__Exercise goal__:
Look below for the line that contains "For 2019 variant, we" and the line that contains "Diabetes type 1", then restate both of them and every line in between, exactly. No picture goes in the copy.

__Material for this task__:
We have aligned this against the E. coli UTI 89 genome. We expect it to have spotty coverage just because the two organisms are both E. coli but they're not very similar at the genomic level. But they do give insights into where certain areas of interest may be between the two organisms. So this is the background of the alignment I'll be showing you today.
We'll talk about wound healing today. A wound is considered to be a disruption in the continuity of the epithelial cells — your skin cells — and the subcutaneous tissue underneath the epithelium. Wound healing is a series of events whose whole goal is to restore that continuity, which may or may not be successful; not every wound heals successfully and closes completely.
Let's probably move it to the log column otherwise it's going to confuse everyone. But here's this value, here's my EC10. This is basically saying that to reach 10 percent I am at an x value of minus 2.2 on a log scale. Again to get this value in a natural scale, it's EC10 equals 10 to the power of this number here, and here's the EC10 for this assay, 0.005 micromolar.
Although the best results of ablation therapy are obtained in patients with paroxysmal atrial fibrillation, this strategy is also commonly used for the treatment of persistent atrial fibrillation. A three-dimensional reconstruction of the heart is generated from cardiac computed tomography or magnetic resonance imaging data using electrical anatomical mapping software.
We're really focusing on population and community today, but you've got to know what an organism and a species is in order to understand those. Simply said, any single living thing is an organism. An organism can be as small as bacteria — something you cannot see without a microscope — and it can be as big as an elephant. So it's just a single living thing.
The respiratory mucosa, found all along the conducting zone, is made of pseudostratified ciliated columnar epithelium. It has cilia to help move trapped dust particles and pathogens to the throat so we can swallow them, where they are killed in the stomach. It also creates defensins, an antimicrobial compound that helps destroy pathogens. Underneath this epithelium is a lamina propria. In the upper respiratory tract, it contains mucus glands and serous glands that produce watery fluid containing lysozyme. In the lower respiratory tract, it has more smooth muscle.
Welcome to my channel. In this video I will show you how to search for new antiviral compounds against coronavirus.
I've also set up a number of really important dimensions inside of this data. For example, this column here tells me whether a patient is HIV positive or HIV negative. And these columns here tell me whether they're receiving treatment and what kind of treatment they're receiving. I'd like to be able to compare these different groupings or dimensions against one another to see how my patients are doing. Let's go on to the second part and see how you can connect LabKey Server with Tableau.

--

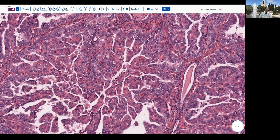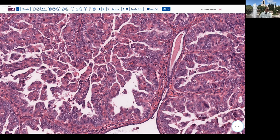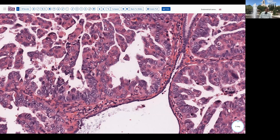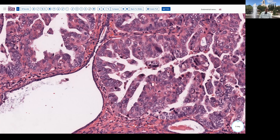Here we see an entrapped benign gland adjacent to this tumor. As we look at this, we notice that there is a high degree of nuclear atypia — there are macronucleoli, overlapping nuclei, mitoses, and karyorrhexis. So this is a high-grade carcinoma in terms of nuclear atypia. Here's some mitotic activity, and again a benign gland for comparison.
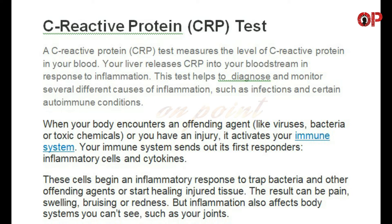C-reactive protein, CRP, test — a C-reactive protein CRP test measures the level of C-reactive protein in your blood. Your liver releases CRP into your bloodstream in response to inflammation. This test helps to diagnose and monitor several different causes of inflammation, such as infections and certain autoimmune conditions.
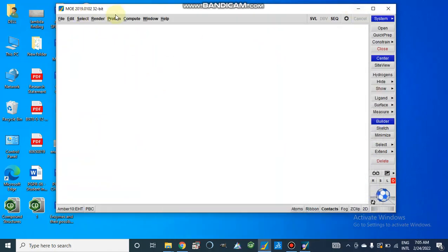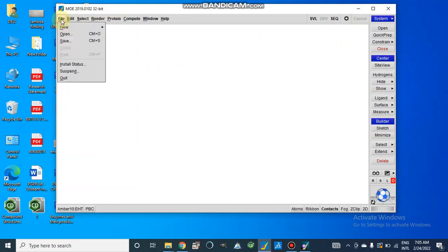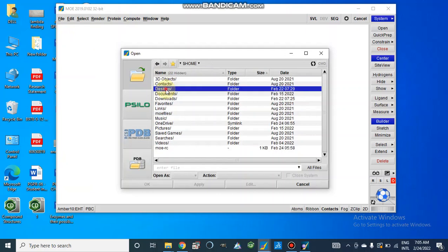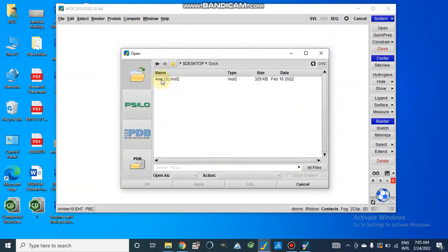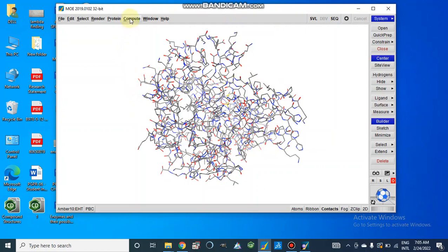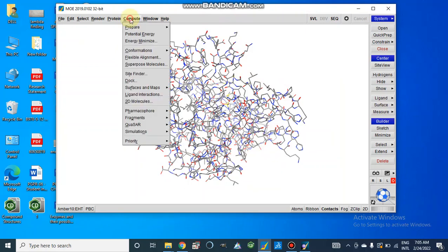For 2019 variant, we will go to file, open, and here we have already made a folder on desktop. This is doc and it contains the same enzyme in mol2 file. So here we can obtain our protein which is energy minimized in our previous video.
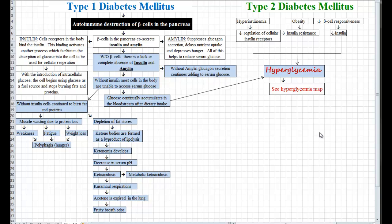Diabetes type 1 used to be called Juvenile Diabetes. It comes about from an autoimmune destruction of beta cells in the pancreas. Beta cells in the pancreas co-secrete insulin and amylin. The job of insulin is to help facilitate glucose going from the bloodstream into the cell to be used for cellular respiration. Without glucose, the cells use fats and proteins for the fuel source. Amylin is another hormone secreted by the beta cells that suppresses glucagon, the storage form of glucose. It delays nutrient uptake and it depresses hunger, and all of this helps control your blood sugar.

__Answer below__:
For 2019 variant, we will go to file, open, and here we have already made a folder on desktop. This is doc and it contains the same enzyme in mol2 file. So here we can obtain our protein which is energy minimized in our previous video.
Diabetes type 1 used to be called Juvenile Diabetes. It comes about from an autoimmune destruction of beta cells in the pancreas. Beta cells in the pancreas co-secrete insulin and amylin. The job of insulin is to help facilitate glucose going from the bloodstream into the cell to be used for cellular respiration. Without glucose, the cells use fats and proteins for the fuel source. Amylin is another hormone secreted by the beta cells that suppresses glucagon, the storage form of glucose. It delays nutrient uptake and it depresses hunger, and all of this helps control your blood sugar.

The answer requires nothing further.